L4 is Active via an external claim-checker module. The layer takes the claim’s prose, the cited-source excerpts, and asks: does this prose faithfully represent what the source says, or does it overstate, understate, misattribute, or fabricate? The check is not a paraphrase test — it is a semantic-fidelity test against the cited evidence.

L4 emits one of four layer-grain outcomes: verified when prose and source are semantically aligned; contradicted when prose conflicts with source; ambiguous when the language model cannot reach a confident judgment within scope; not_run when the claim is structurally outside the L4 scope (e.g., a pure numerical claim with no prose to evaluate). These layer-grain outcomes feed into the per-claim rollup that produces the canonical verification_status — an L4 ambiguous outcome on a substrate class that structurally cannot multi-source-corroborate contributes to a per-claim ungrounded rollup.
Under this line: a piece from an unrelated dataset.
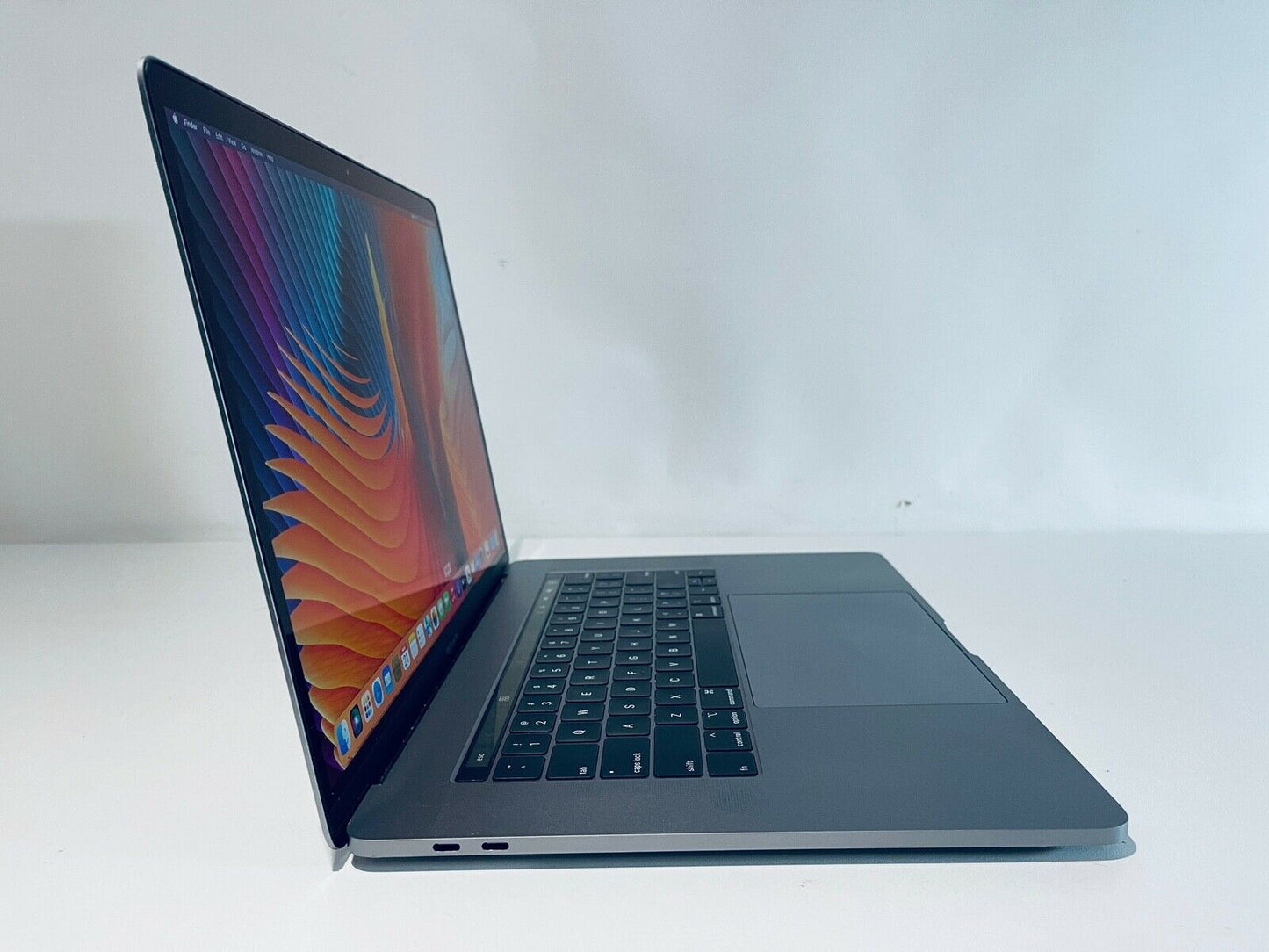 Apple MacBook Pro 15" 2018 Touch Bar ID i9 6-Core 2.9Ghz 32GB 1TB SSD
Because L4 uses a language model to judge, its outputs are themselves subject to the verdict-scope-boundary discipline — L4 attests claim-vs-cited-source consistency, not cited-source-vs-reality. The cited source is the authority for what is true; L4 checks fidelity to that authority, not the authority of the source itself. If the source is wrong, L4 will not catch it.

Language-model judgments carry their own uncertainty. The verdict-of-record discipline (Mattermost post under the veritas handle per H-1) makes that uncertainty inspectable: every L4 verdict is auditable to the model output that produced it.